Raw data.
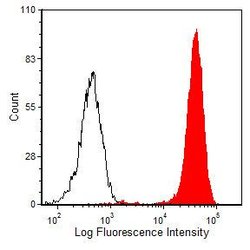 Invitrogen CD45 Monoclonal Antibody (YAML501.4), FITC 100 &mu;g; FITC:Antibodies,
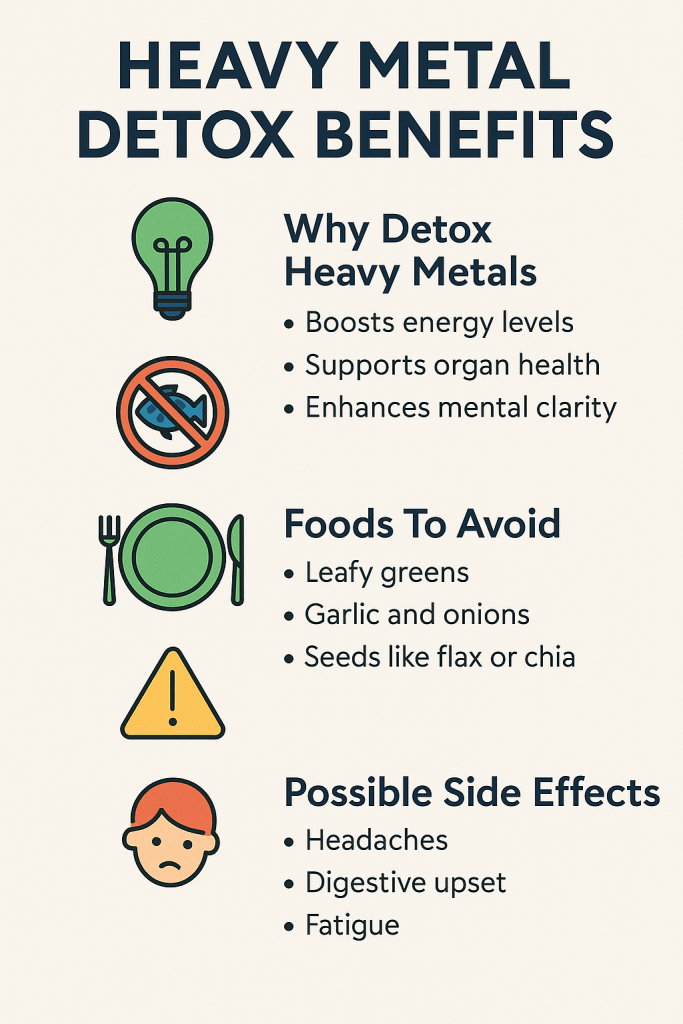 Discover top heavy metal detox benefits, foods to eat or avoid, and simple ways to reduce toxins for better health and clarity. Read more..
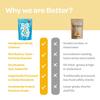 Bazana Roasted Salted Cashews (180g) - Protein-Packed, Fiber-Enriched, Healthy Fats | Elevate Your Snacking Experience with an Immunity Boost | Perfect for Vegetarians and Keto Enthusiasts view 4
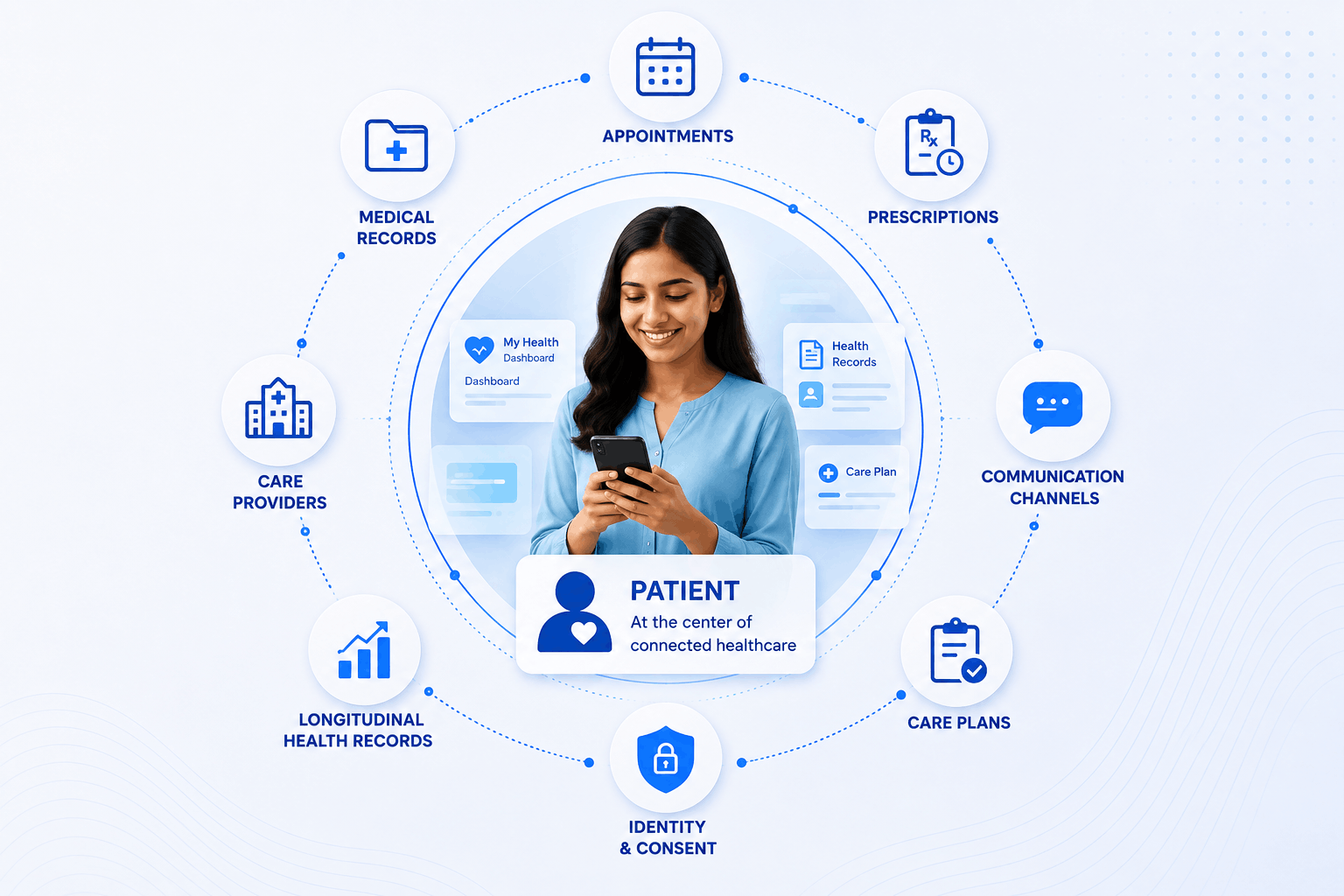 Connected Patients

Exercise requirements. Please return only the lines from the top of the data through the line with "Discover top heavy", exactly as written, and drop every picture.

Answer section.
 Invitrogen CD45 Monoclonal Antibody (YAML501.4), FITC 100 &mu;g; FITC:Antibodies,
 Discover top heavy metal detox benefits, foods to eat or avoid, and simple ways to reduce toxins for better health and clarity. Read more..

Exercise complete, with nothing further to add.